C. Navigation in a simulated environment

Based on accurate frame-by-frame motion prediction, in this section, we evaluated the performance of a trained planner in navigation simulations. To check the ability to avoid obstacles, a global reference path for robot navigation is set to approach or cross the obstacle. At each sample time, a trained planner receives the local cost map and returns a velocity vector, which causes the robot to be driven to a new state according to a kinematic model. The resulting trace is shown in fig. 10. In fig. 10, the dotted line represents the global reference path, and the solid line and the dotted line correspond to the trajectories of the learning-based planner and the optimization-based demonstrator, respectively. As can be seen from fig. 10, the trajectory of the trained planner successfully avoids obstacles when the global reference values are close, while smoothly following the reference in open space. Furthermore, the trajectory of the trained planner is nearly identical to the behavior of the demonstrator, which illustrates the high quality of the trained planner in simulating the near-optimal demonstrator.

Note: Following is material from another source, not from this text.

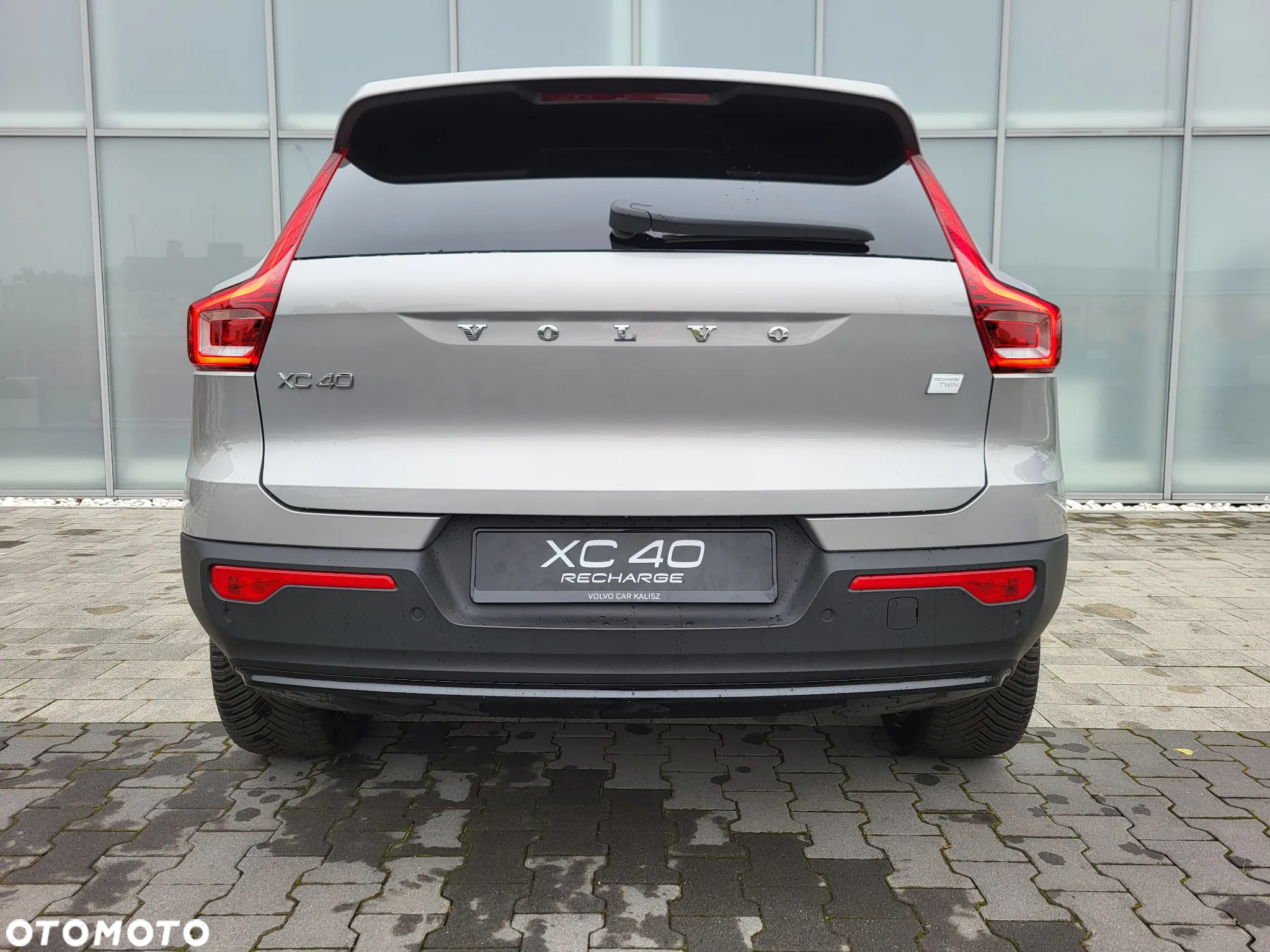 Volvo XC 40 Recharge Twin AWD Plus - 11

D. Navigation in the real world

Finally, we deploy a trained model into real-world navigation experiments. Given a global reference path, the task of the segway delivery robot is to follow the reference path, avoiding obstacles on the road. Two aspects are noted: response to unexpected obstacles on the reference path, and robustness to long-term operation.

1) Reaction to obstacles on the global path: figure 11 shows a schematic diagram of the response of a trained planner to an unexpected obstacle on a reference path in a real world experiment. In fig. 11, the upper part shows the local obstacle map fed to the planner. The lower half is the corresponding view captured from the robot front camera. The robot is located at a north-facing origin on the 2d local map. The length of the line represents the linear velocity and the direction represents the angular velocity.

As shown in fig. 11, the robot makes local planning decisions based on the local occupancy map constructed online. Although this map is relatively small in scale, this map provides rich ambient information. When an obstacle is encountered that obstructs the global trajectory, the trained planner successfully provides the action instructions that drive the robot to the open area.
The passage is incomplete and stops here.